As an example, the proposal explicitly bars the state from setting a cap on the “hold.” In an effort to maximize revenue, Tennessee imposed a 10% cap that is higher than average hold for bookmakers around the U.S. (usually around 7%), which has caused some product complications and perhaps some inferior pricing at sportsbooks in the state, if only in certain limited markets.
The operators’ proposed California initiative also spells out how patrons can fund accounts, which includes everything from credit cards to wire transfers, and includes language that would allow the regulator to approve “additional funding and withdrawal methods, including but not limited to, cash deposits at approved locations and secure cryptocurrencies.”
Licensing fees favor tribes
In part of their effort to make the proposal attractive to tribes, the operator initiative would charge tribes $10 million for a license if they want to “white label” a platform vs. $100 million for operators who brand their platforms. A white-label platform would be run by a company like IGT or USBookmaking but have the tribe’s name on it. Those fees are for a five-year period, with a $1 million renewal for tribes and $10 million for operators, also for five years.
There’s no question that operators active across the country are savvier now than three years ago about what works best for them and helps them achieve the best profitability, and that is reflected in the proposal.
If the referendum passes, more than 60 digital platforms in California could be possible. The only cap on platforms is the number of tribal casinos, as operators must be tethered to get access, and the proposal allows for only one commercial partner per tribe. California has more than 100 federally recognized gaming tribes that own and operate 69 casinos across the state.
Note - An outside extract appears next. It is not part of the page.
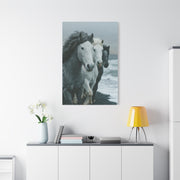 Coastal Wild Horses Storm Run Wall Art & Canvas Print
Those include Siva’s Morongo Band of Mission Indians (Morongo Casino near Palm Springs) and Rocha’s Pechanga Band of Luiseno Indians (Pechanga Casino in Temecula).
Details: Remote registration, no proxies
Here are some other highlights of the operators’ proposal:
- Betting on professional, college, and amateur sports would be permitted. “Competitive or novelty” events may also be wagered on, including awards shows and current events, but not elections.
- The tax rate, referred to as a “surcharge,” would be 10% of adjusted gross revenue.
- The legal betting age would be 21.
- Remote registration would be permitted, meaning patrons could register for apps via mobile device. In-person registration would also be allowed.
- The new “Division of Online Sports Betting Control,” which would be part of the state Department of Justice, would regulate sports betting.
- Proxy betting would be banned.
- A 17-member advisory council would be created, including appointees from the governor, Senate president pro tem, the House speaker, the lieutenant governor, and others. The council would advise the regulator on technology and regulations and would seek to maximize revenue to the state.
- The state and operators would make a voluntary exclusion list accessible, and operators would be required to post contact information for problem gambling help on their platforms. There would be restrictions on advertising to minors or excluded persons. Notably, the proposal does not earmark funds for problem gambling.
- Pre-launch advertising would be allowed.
Interestingly, under the proposal, those who bet offshore and those who offer black-market wagering sites would be penalized — any Californian betting on the illegal market would be taxed at 15% while offshore sportsbooks would be required to register with the state and report the names of those making bets.
How the state would implement, let alone enforce these requirements, is unclear, but the message is that the operators want to stamp out illegal wagering and maximize return on what begins as a $100 million investment in the Golden State.